Showing all 6 results


The Indian subcontinent has a long wedding jewellery history, which has undergone various changes via cultural influence and politics for more than 5,000–8,000 years. Because India had an abundant supply of precious metals and gems, it prospered financially through export and exchange with other countries. While European traditions were heavily influenced by waxing and waning empires, India enjoyed a continuous development of art forms for some 5,000 years. One of the first to start jewellery making were the peoples of the Indus Valley civilization. By 1500 BC, the peoples of the Indus Valley were creating gold earrings and necklaces, bead necklaces, and metallic bangles. Before 2100 BC, before the period when metals were widely used, the most extensive jewellery trade in the Indus Valley region was the bead trade. Beads in the Indus Valley were made using simple techniques. First, a bead maker would need a rough stone, which would be bought from an eastern stone trader. The stone would then be placed into a hot oven where it would be heated until it turned deep red, a colour highly prized by the people of the Indus Valley.
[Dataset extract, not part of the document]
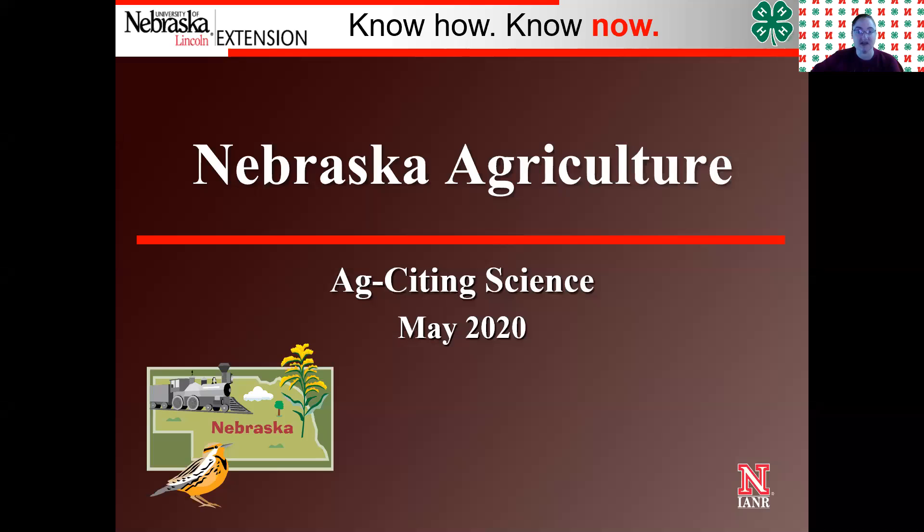Hi second graders, I hope this video finds you well and safe and healthy at home. I wish we could be doing this in the classroom just so I could see all your faces. I miss you guys, but we'll get into our May Ag lesson. So today we're going to talk about Nebraska agriculture — the different crops that Nebraskans grow, the livestock we raise, and the different pieces that make up agriculture. Agriculture is Nebraska's largest industry, so it will be exciting to explore some of this with you. We'll go ahead and take a look at this PowerPoint.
The red stone would then be chipped to the correct size, and a hole bored through it with primitive drills. The beads were then polished. Some beads were also painted with designs. This art form was often passed down through the family. Children of bead makers often learned how to work beads from a young age. Each stone had its characteristics related to Hinduism. Wedding Jewellery in the Indus Valley was worn predominantly by females, who wore numerous clay or shell bracelets on their wrists. They were often shaped like doughnuts and painted black. Over time, clay bangles were discarded for more durable ones. In present-day India, bangles are made out of metal or glass. Other pieces that women frequently wore were thin bands of gold that would be worn on the forehead, earrings, primitive brooches, chokers, and gold rings. Although women wore jewellery the most, some men in the Indus Valley wore beads. Small beads were often crafted to be placed in men's and women's hair. The beads were about one millimetre long.